Beethoven’s Symphony No. 9 ranks among the most performed festival works, it was performed more than eighty times at the Prague Spring. The first time was in 1949 when the Czech Philharmonic performed under the direction of Erich Kleiber. At the festival, world-class conductors such as Leonard Bernstein (1990), Zubin Mehta (1963), Lorin Maazel (1985) or Vladimir Ashkenazy (1988) were presented with this work. The last time the Ninth Symphony was heard by the festival audience was in 2010.
Christoph Eschenbach is one of the living legends of the conductor’s baton. A native of Wrocław, he was orphaned during the war and grew up with relatives in Aachen. He started his artistic career as a successful pianist. With the support of Georg Szell and Herbert von Karajan, he began performing as a conductor and became one of the most successful of his generation. During his fifty-year career, he was chief conductor of major ensembles such as the Tonhalle Zürich, the Orchester de Paris, and the Philadelphia Orchestra, and he conducted all major world orchestras, including the Berlin and Vienna Philharmonics. From 2019 until the end of the current season, he is the music director of the Berlin Konzerthaus.

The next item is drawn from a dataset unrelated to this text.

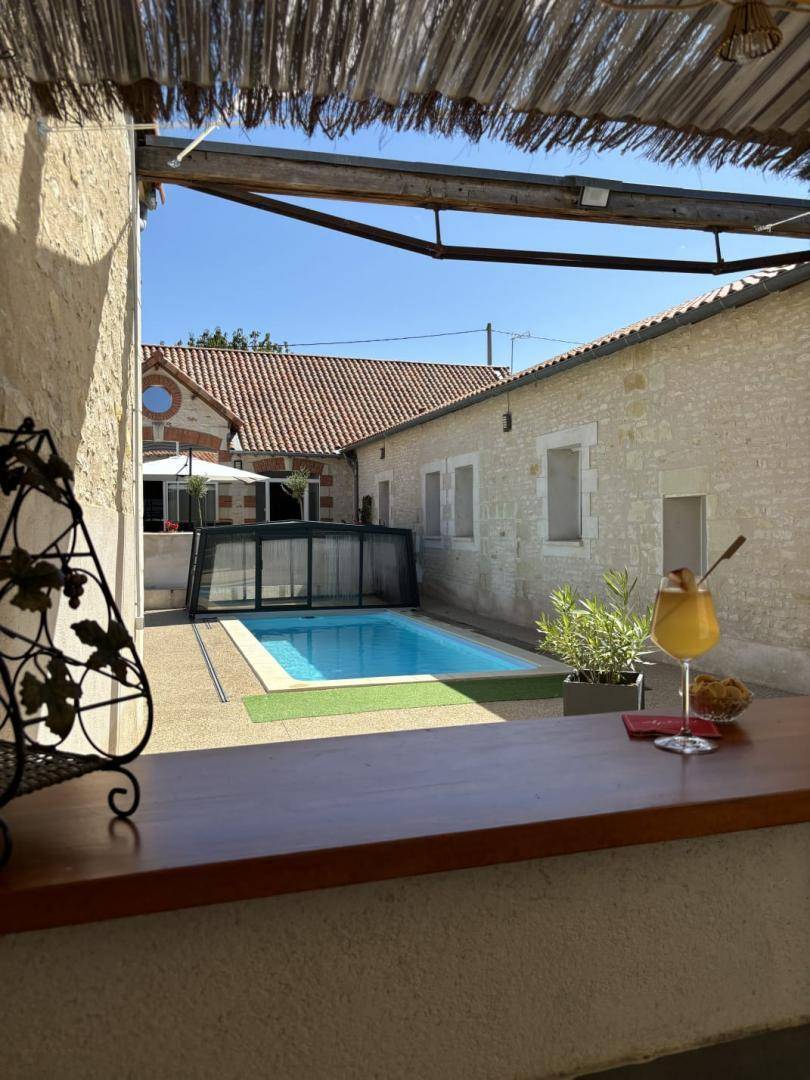 G&icirc;te 2 Schlafzimmer 4 G&auml;ste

Eschenbach’s artistic profile is characterized by an unceasing artistic search, collaboration with the best artists and support of young talents. He is credited with the “discovery” of such musicians as pianist Lang Lang, violinist Julia Fischer or cellist Daniel Müller-Schott. He presented himself as a pianist for the first time at the Prague Spring on May 25, 1968, when under the direction of conductor Carlos Kleiber and with the Prague Symphony Orchestra performed Robert Schumann’s Concerto for piano and orchestra in A minor. Radioservis and Prague Spring Festival released this concert last year as part of their Gold Edition III.
The evening will be opened by Ligeti’s innovative Atmosphères, a piece that it is an exaggeration to say that everyone has heard, but few know about. One of the most important works of timbre music, where sound color serves as the most important building block, was used by director Stanley Kubrick in the famous film 2001: A Space Odyssey. The program will continue with the Schicksalslied (Song of Destiny) for chorus and orchestra, in which Johannes Brahms sets to music Friedrich Hölderlin’s poetic text oscillating between heavenly heights and human suffering to culminate in Beethoven’s monumental symphony with Friedrich Schiller’s “Ode to Joy” in the last movement.
The program and cast of the Final Concert of Prague Spring Festival on June 2 is identical to the concert called Beethoven’s Ninth a day earlier on June 1.